### Directions for this task
Extract the full set of records, then give each one again exactly.

::::::::::

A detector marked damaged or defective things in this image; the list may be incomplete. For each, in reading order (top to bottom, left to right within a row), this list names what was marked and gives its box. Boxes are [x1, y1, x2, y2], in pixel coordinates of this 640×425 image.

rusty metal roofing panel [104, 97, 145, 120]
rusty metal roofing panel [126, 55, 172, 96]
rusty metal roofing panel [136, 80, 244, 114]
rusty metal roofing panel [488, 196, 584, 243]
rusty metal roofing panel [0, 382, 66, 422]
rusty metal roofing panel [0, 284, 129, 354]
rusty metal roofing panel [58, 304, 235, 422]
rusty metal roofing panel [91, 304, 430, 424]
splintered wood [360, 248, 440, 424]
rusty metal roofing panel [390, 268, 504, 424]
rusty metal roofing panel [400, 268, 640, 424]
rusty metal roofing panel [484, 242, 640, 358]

::::::::::

### Final answer
A detector marked damaged or defective things in this image; the list may be incomplete. For each, in reading order (top to bottom, left to right within a row), this list names what was marked and gives its box. Boxes are [x1, y1, x2, y2], in pixel coordinates of this 640×425 image.

rusty metal roofing panel [104, 97, 145, 120]
rusty metal roofing panel [126, 55, 172, 96]
rusty metal roofing panel [136, 80, 244, 114]
rusty metal roofing panel [488, 196, 584, 243]
rusty metal roofing panel [0, 382, 66, 422]
rusty metal roofing panel [0, 284, 129, 354]
rusty metal roofing panel [58, 304, 235, 422]
rusty metal roofing panel [91, 304, 430, 424]
splintered wood [360, 248, 440, 424]
rusty metal roofing panel [390, 268, 504, 424]
rusty metal roofing panel [400, 268, 640, 424]
rusty metal roofing panel [484, 242, 640, 358]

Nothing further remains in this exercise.